S. Josemaria fala aqui do trabalho e de todas as atividades de que é tecido o nosso quotidiano; e diz-nos que é mesmo ali que Deus nos espera cada dia: Deus espera-nos a preparar o jantar, a inventar um jogo para distrair as crianças ou a fazer exercício, todos juntos, para nos mantermos ativos. E esta é a nossa Missa: o sacerdócio dos fiéis, de fato, consiste em “anunciar publicamente as obras dignas daquele que das trevas nos chamou à sua luz gloriosa” (cf 1Pe 2,9) e em “oferecer sacrifícios espirituais”. E o que são estes sacrifícios espirituais senão uma vida cristã em que cada um, acolhendo o Espírito doado pelo ressuscitado, age de modo a dar espaço ao Espírito Santo, conformando-se sempre mais a Cristo e à vontade divina?

Todas as nossas ações, desde as mais sublimes até às aparentemente mais banais, podem estar impregnadas pelo Espírito Santo, podem tornar-se um verdadeiro e autêntico culto espiritual.

Não se trata de um expediente, uma tentativa de escassa consolação num tempo em que não podemos participar na Missa.

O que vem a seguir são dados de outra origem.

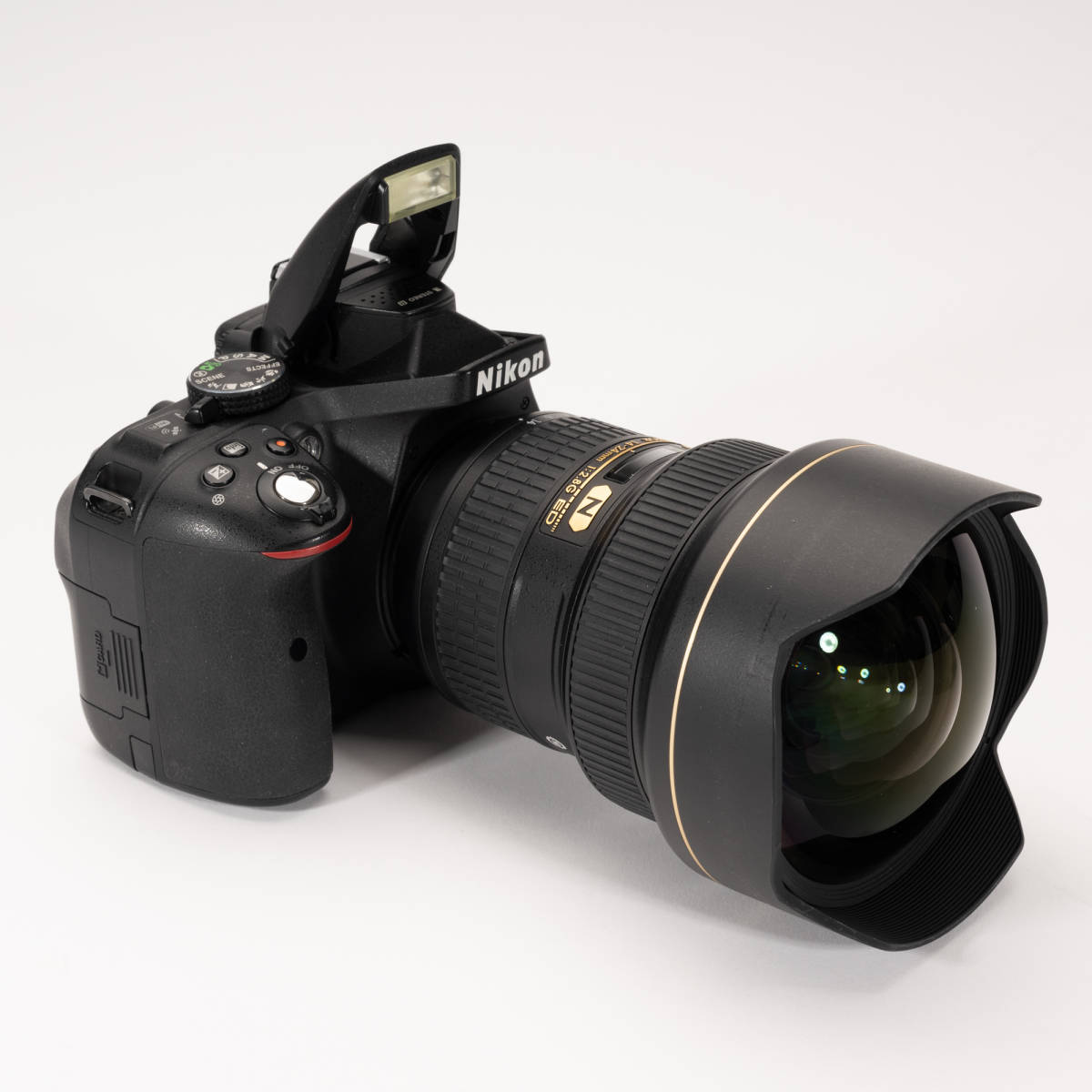 ☆ショット数7400回、動作確認済み、Nikon D5300 カメラ ボディ 一眼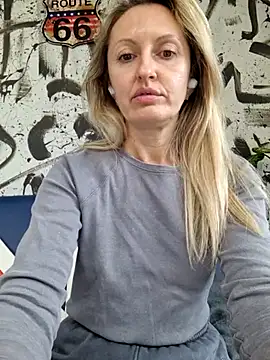 Snapshot of Miss____Mia_ chatting on October 1, 12:10 pm Miss Mia online show from October 1, 12:10 pm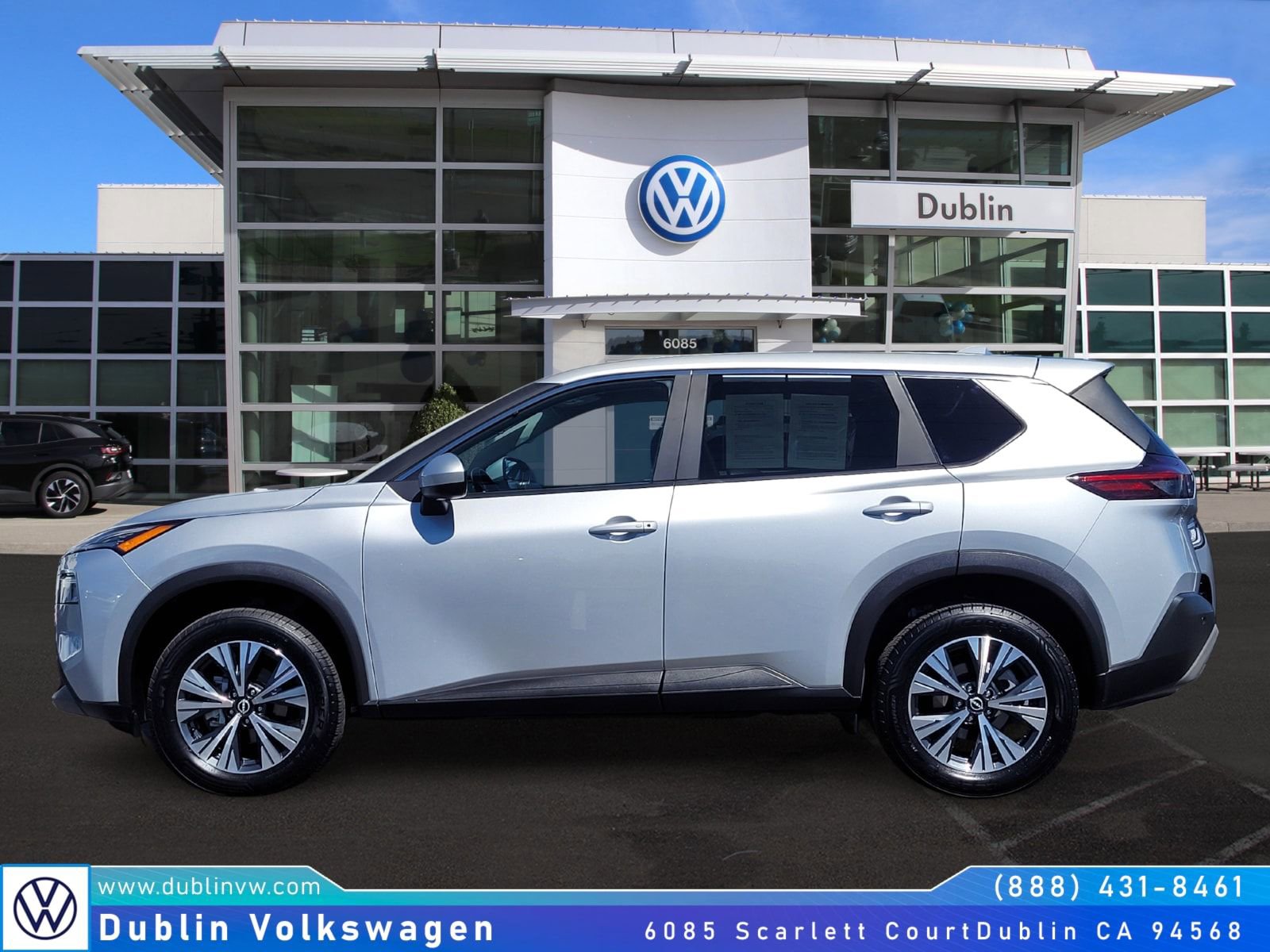Used 2023 Nissan Rogue SV image 7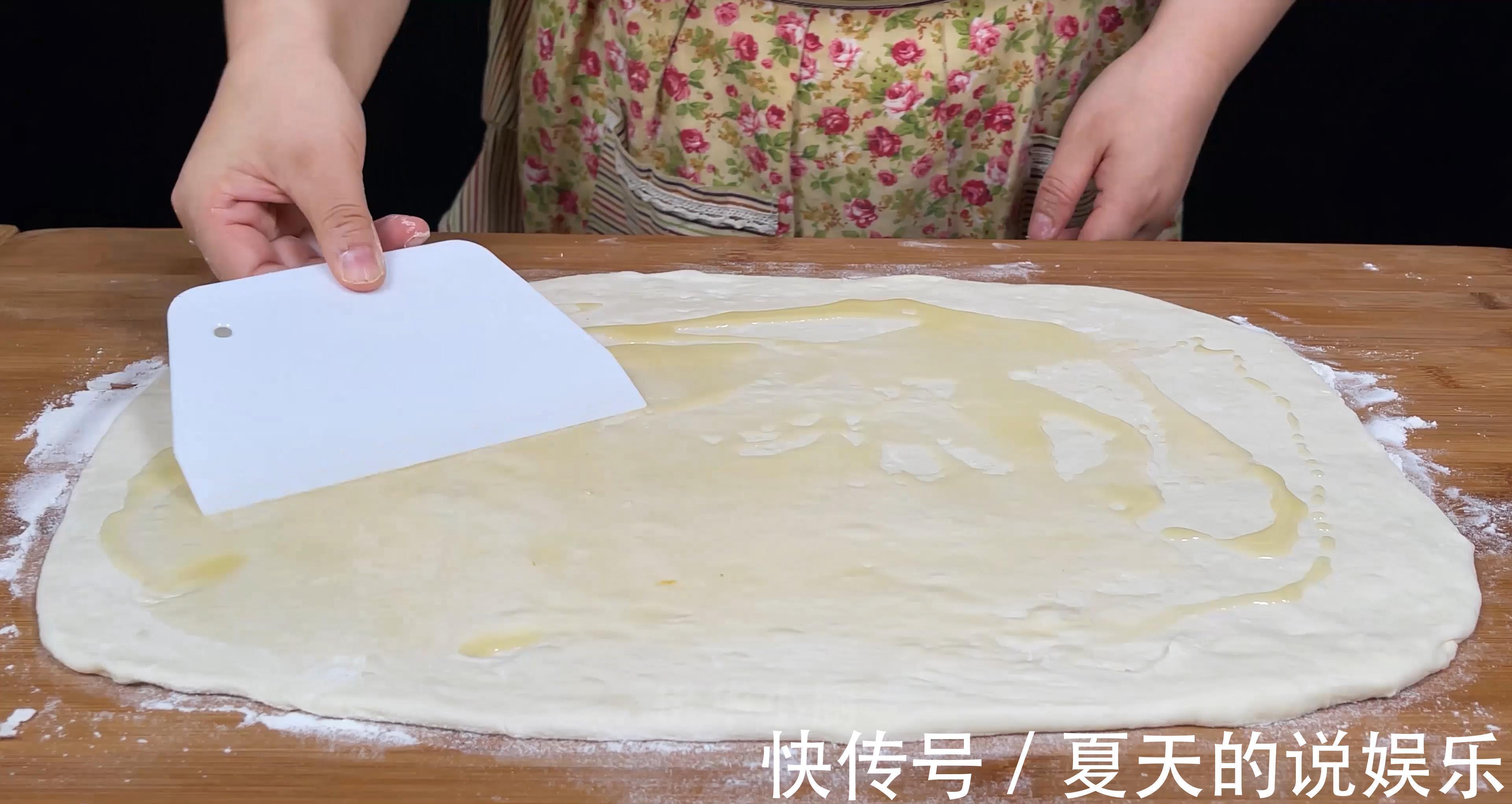 油酥|早餐店的葱油饼为什么好吃?原来做法简单,学会就可以摆摊了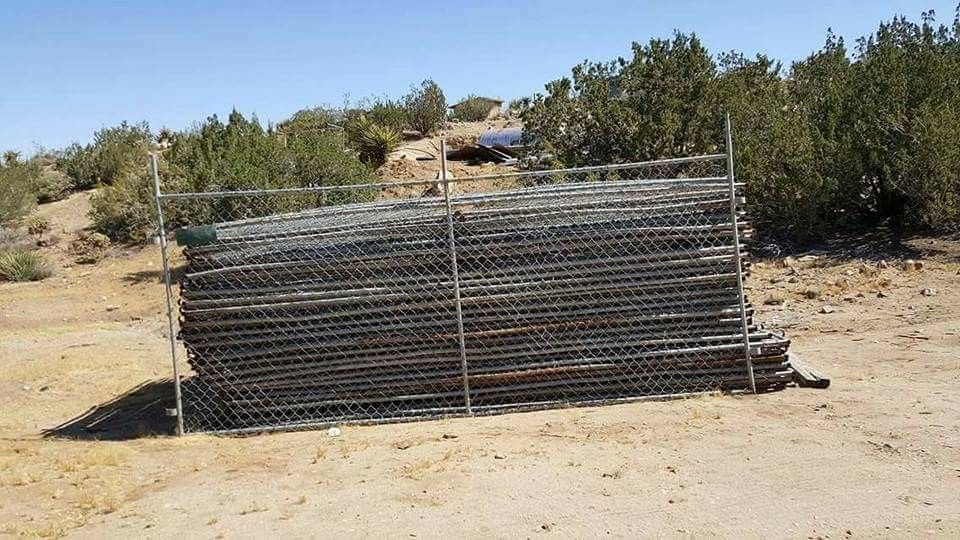 USED Chain link panel fence 6'ft x14 ft for Sale in Apple Valley, CA
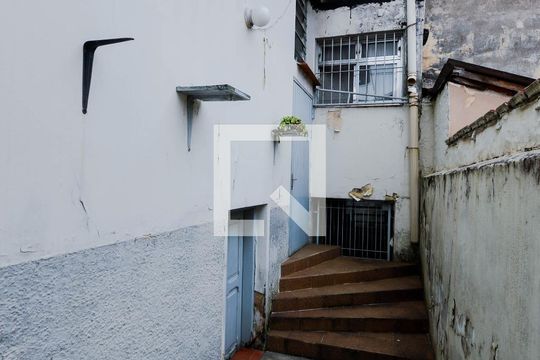 Área comum de casa à venda com 2 quartos, 300m² em Vila das Palmeiras, Guarulhos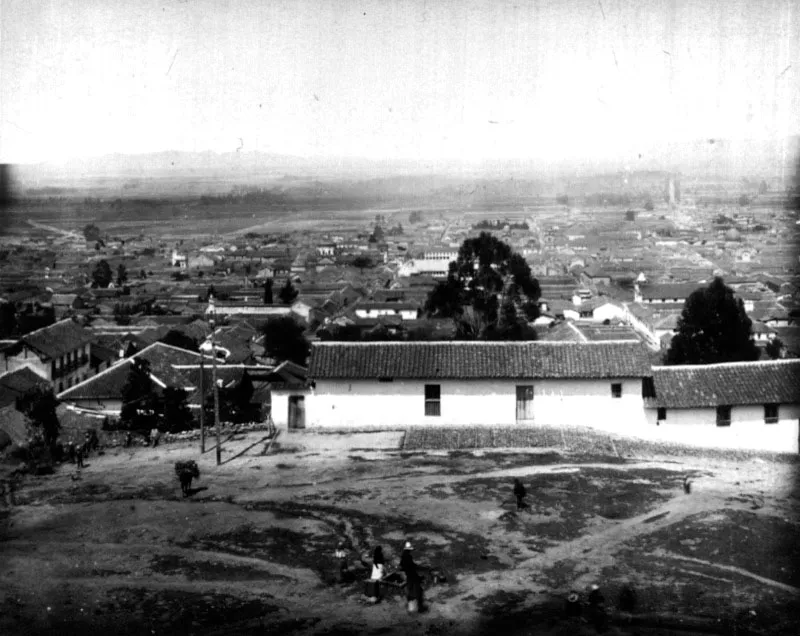 Vista general de Bogot. Superposicin de tres fotografas tomadas desde el mismo lugar en los cerros, ca. 1895. Henri Duperly. 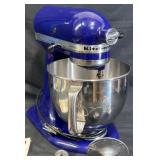 KitchenAid Stand Mixer w Attachments & Manual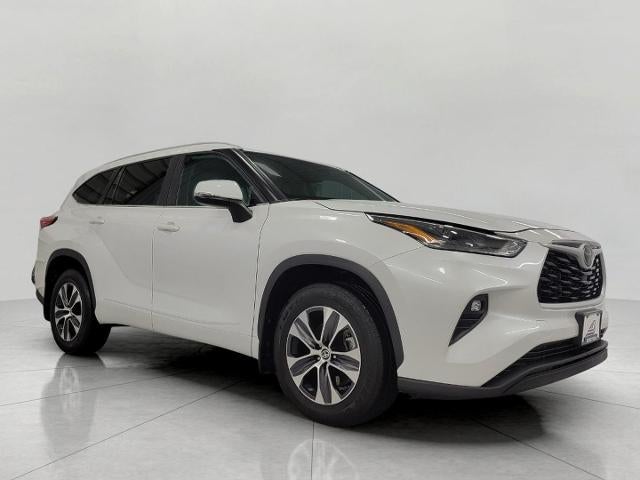 2023 Toyota Highlander XLE AWD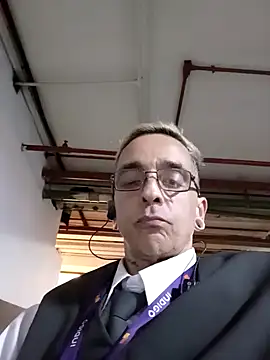 dinho carioca online show from April 16, 2026, 9:04 pm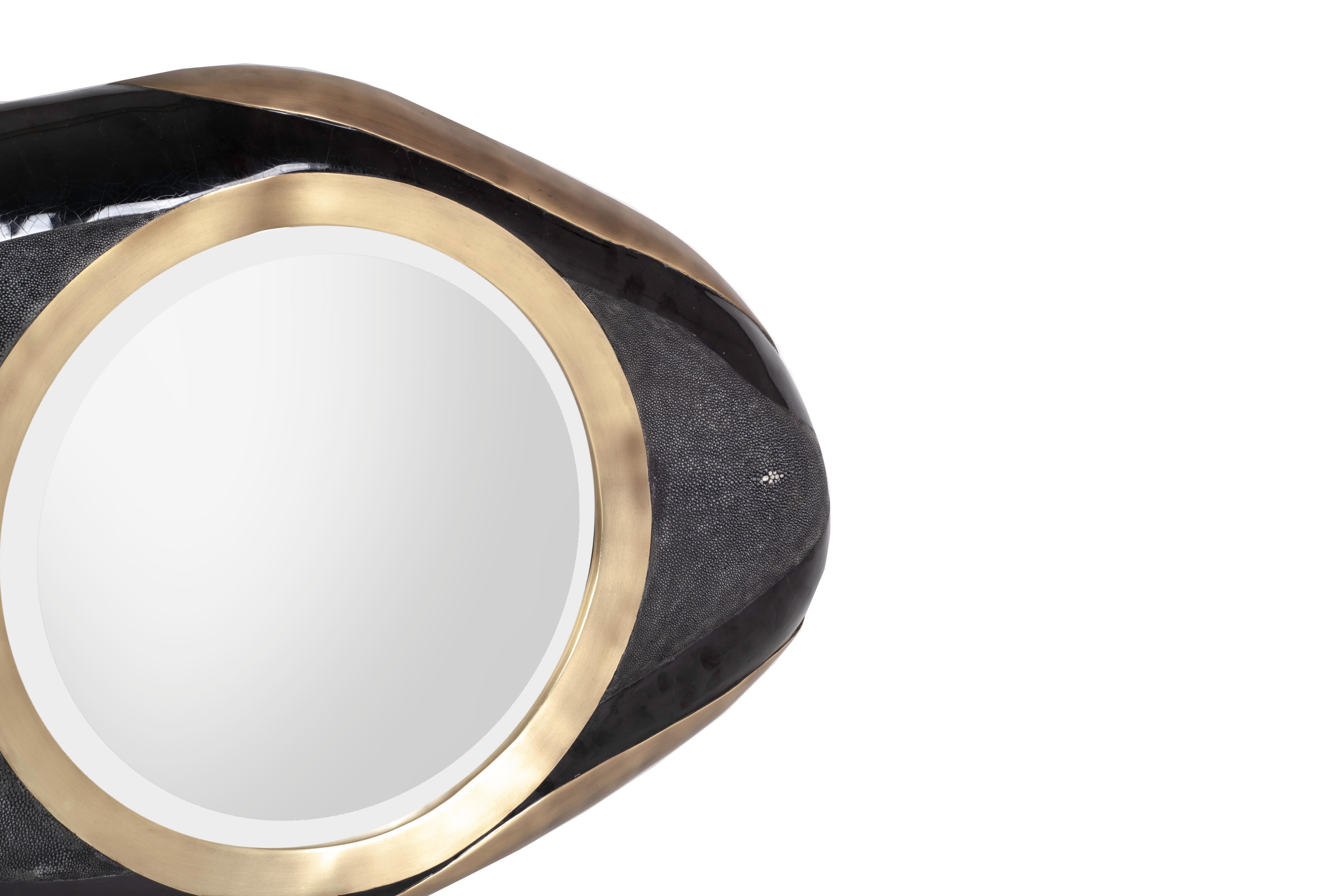 Hand-Crafted Chital Mirror in Shagreen, Black Shell & Bronze-Patina Brass by Kifu Paris For Sale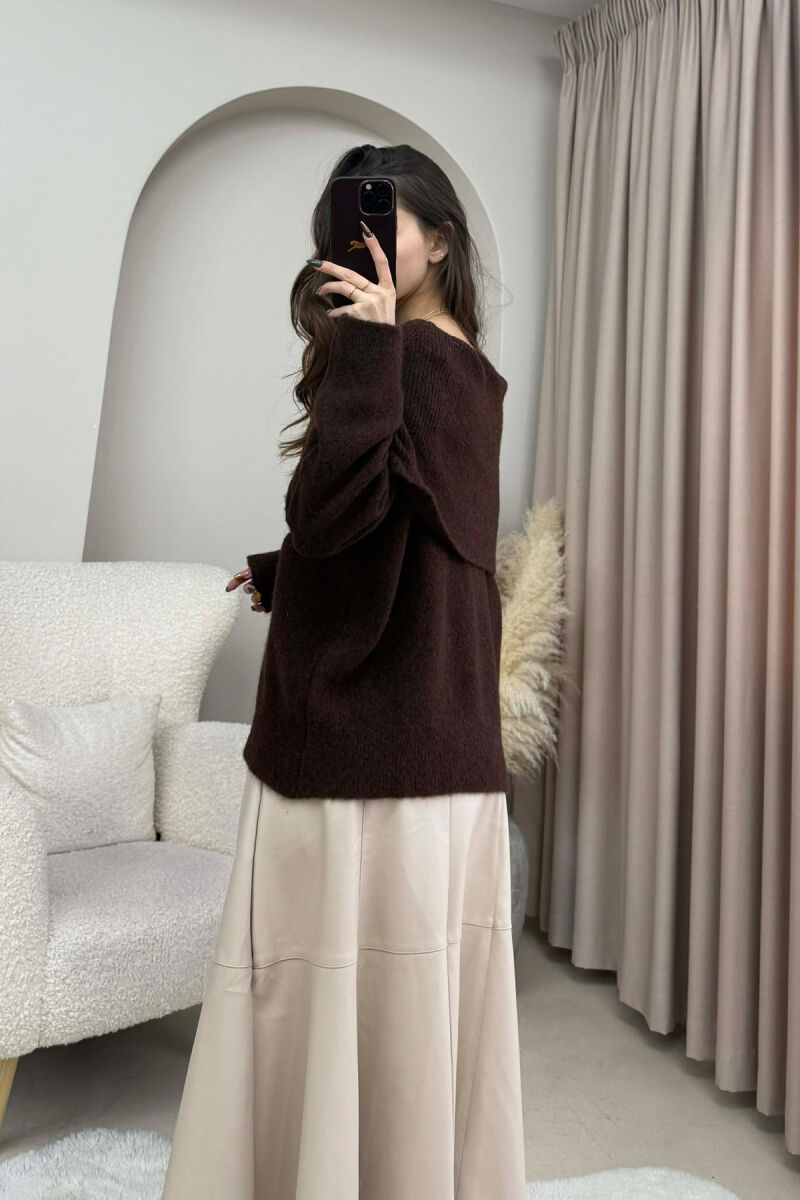 OFF SHOULDERS RHOMBUS DESIGN WOMEN SWEATER DARK BROWN/KAE - 3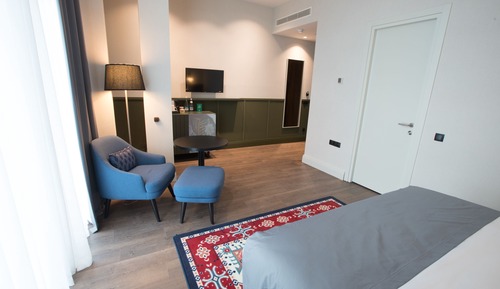 Suite, 1 Queen Bed with Sofa bed (Living Area)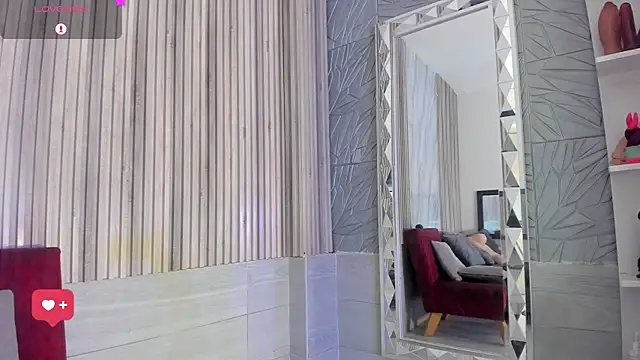 แชท XXX สดของ BriannaChelsea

Pelo contrário, este é um dos fins da Eucaristia: fazer com que todas as ações de todos os homens se unam ao sacrifício de Cristo na Cruz e que desta união brote a santidade dessas ações.

Aquilo que é oferecido no Filho passa a fazer parte da Páscoa de Cristo, isto é; da passagem desde mundo para o Pai (cf. Jo 13,1) e é mesmo nesta passagem que é vivificado, isto é; transformado pelo Espírito Santo que o torna oferta viva em Cristo para louvor de Deus Pai (cf. Oração Eucarística IV).

São as dimensões ascendente e descendente próprias da liturgia: através da nossa união a Cristo, sobe ao Pai a nossa oferta, feita de todas as nossas ações e desce do Pai, por meio de Cristo e do Espírito Santo, a Sua bênção, isto é; a presença de Cristo e do Espírito Santo em nós.

O trabalho, levado a cabo no Espírito (aquilo a que habitualmente se chama santificação do trabalho), as brincadeiras com as crianças e as horas na fila para as compras de supermercado, desde que levadas a cabo no Espírito, são culto espiritual, bem como o passar por alto os incómodos provocados pela convivência forçada em espaços limitados, ou inventar-se uma nova receita por que não se encontra o fermento. S. Josemaria resumia assim esta realidade: «Meus filhos: onde estiverem os vossos irmãos, os homens; onde estiverem as vossas aspirações, o vosso trabalho, os vossos amores, aí está o sítio do vosso encontro quotidiano com Cristo. (Entrevistas a S. Josemaria, 113)

O exercício do sacerdócio comum nas circunstâncias normais da nossa vida não consiste em repetir orações enquanto se trabalha (o que é, em si, uma coisa boa, sem dúvida) mas em levar a cabo o trabalho, e todas as ações do nosso dia, no Espírito, isto é, deixando que o motor da ação seja o Espírito que atua no crente, graças à comunhão com Deus que radica no batismo.

Quem recebeu depois o sacramento do matrimónio, tem do seu lado o facto que «Cristo Senhor vem ao encontro dos esposos cristãos no sacramento do matrimónio e permanece neles» (Amoris Laetitia, 67). Jesus está presente em cada casa: quando rezamos juntos – quanto une a oração! – mas também em todos os momentos do dia, graças ao sacramento do matrimónio pois «os esposos são, portanto, para a Igreja a lembrança permanente daquilo que aconteceu na Cruz» (Amoris Laetitia, 72) Eles são portanto o símbolo do Mistério Pascal, que é precisamente aquilo que se celebra em cada eucaristia.

Isto mesmo nos recorda S. Paulo, quando escreve aos cristãos de Éfeso: «Maridos, amai as vossas mulheres, como também Cristo amou a Igreja e por ela se entregou» (Ef 5,25). Deus que não poupou o seu próprio Filho, mas O entregou por todos nós (cf. Rom 8, 32) e os esposos cristãos são chamados a ser manifestação deste dom total de si, de um ao outro, ali mesmo onde estão. E este amor, que se manifesta de mil modos e, além disso, não chama a atenção, é mesmo sacrifício agradável a Deus: «Sede, pois, imitadores de Deus, como filhos muito amados. Progredi na caridade segundo o exemplo de Cristo, que nos amou e por nós se entregou a Deus “como oferenda e sacrifício de agradável odor”» (Ef 5, 1-2).